TASK REQUIREMENTS: Extract the records below word for word and ignore the images.

GIVEN DATA:
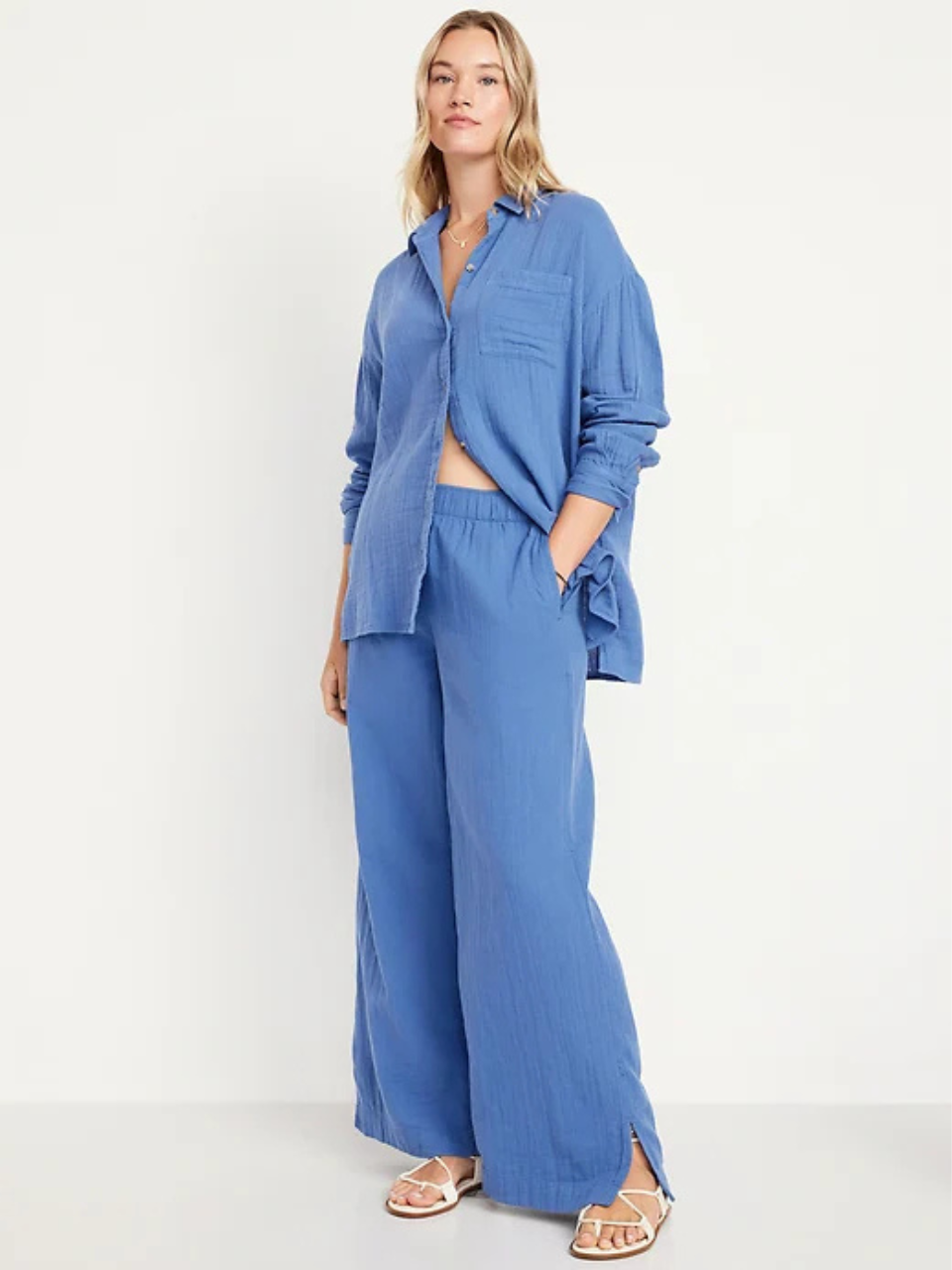 Casual Wide Length Pants For Summer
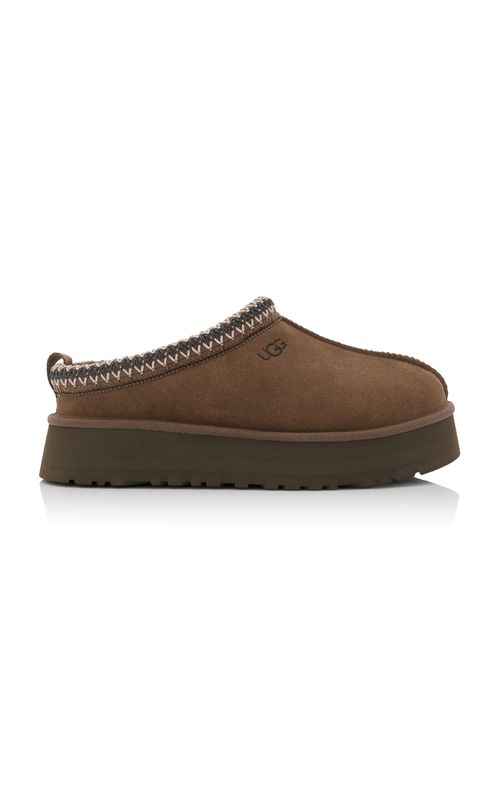 Tazz Suede Platform Slippers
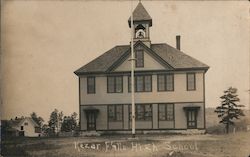 Kezar Falls High School Postcard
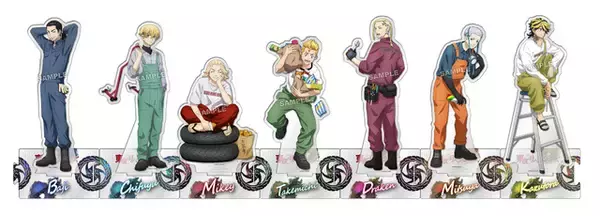 「「東京リベンジャーズ」マイキー、ドラケンたちの“バイク整備”中の日常風景を描き下ろし♪ 新作グッズが登場」の画像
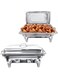 JINDUN Dorany 1PCS Chafing Dish Buffet Set (1 Pack) Chafers 8QT Buffet Servers and Warmers, Chaffing Servers with Covers, Catering, Chafer, Folding Stand, Food Warmer for Parties Buffets (1PCS)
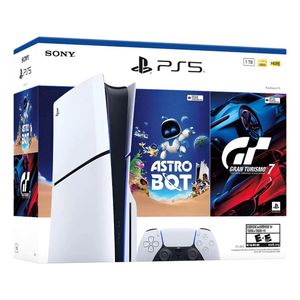 Consola PS5 Estandar Modelo Slim Bundle Astro Bot Gran Turismo 7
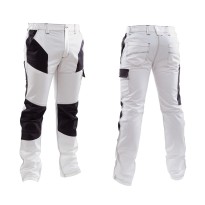 Pantalon de travail à poches multiples en stretch, coupe slim ajustée, élastique P&P Loyal Jump JMP02-536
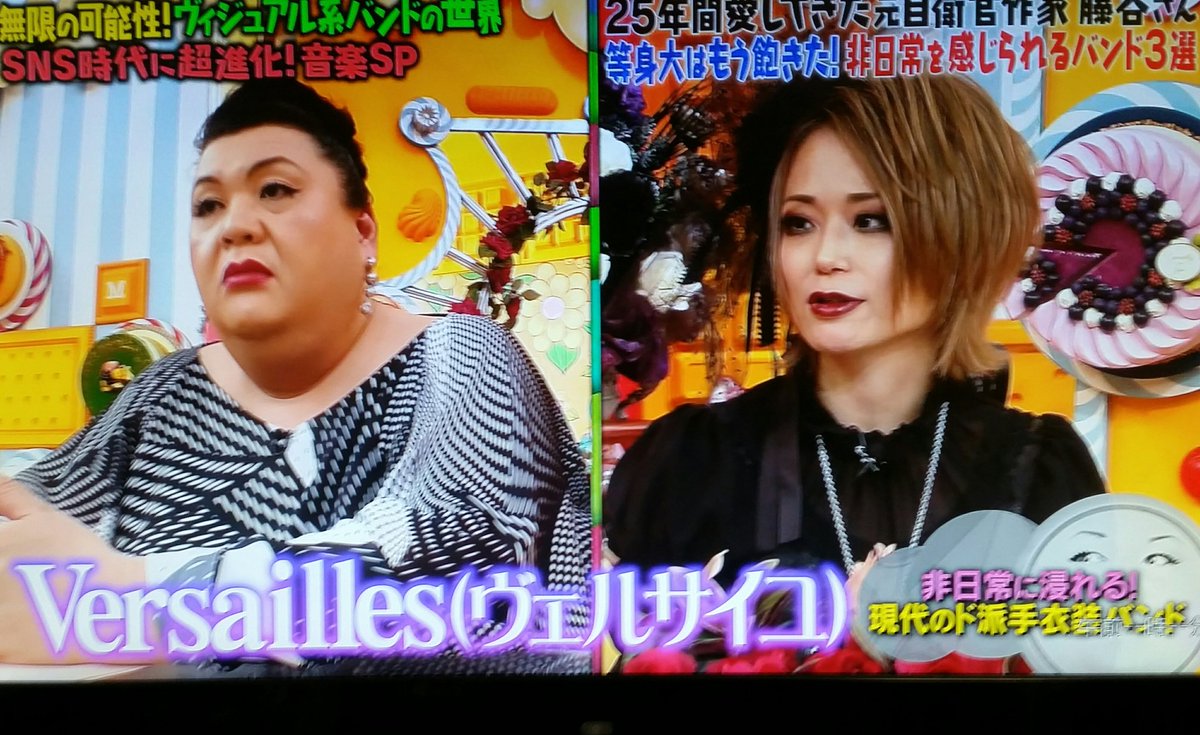 ヴェルサイユ X マツコの知らない世界 Hotワード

ANSWER TO THE PROBLEM:
 Casual Wide Length Pants For Summer
 Tazz Suede Platform Slippers
 Kezar Falls High School Postcard
 「「東京リベンジャーズ」マイキー、ドラケンたちの“バイク整備”中の日常風景を描き下ろし♪ 新作グッズが登場」の画像
 JINDUN Dorany 1PCS Chafing Dish Buffet Set (1 Pack) Chafers 8QT Buffet Servers and Warmers, Chaffing Servers with Covers, Catering, Chafer, Folding Stand, Food Warmer for Parties Buffets (1PCS)
 Consola PS5 Estandar Modelo Slim Bundle Astro Bot Gran Turismo 7
 Pantalon de travail à poches multiples en stretch, coupe slim ajustée, élastique P&P Loyal Jump JMP02-536
 ヴェルサイユ X マツコの知らない世界 Hotワード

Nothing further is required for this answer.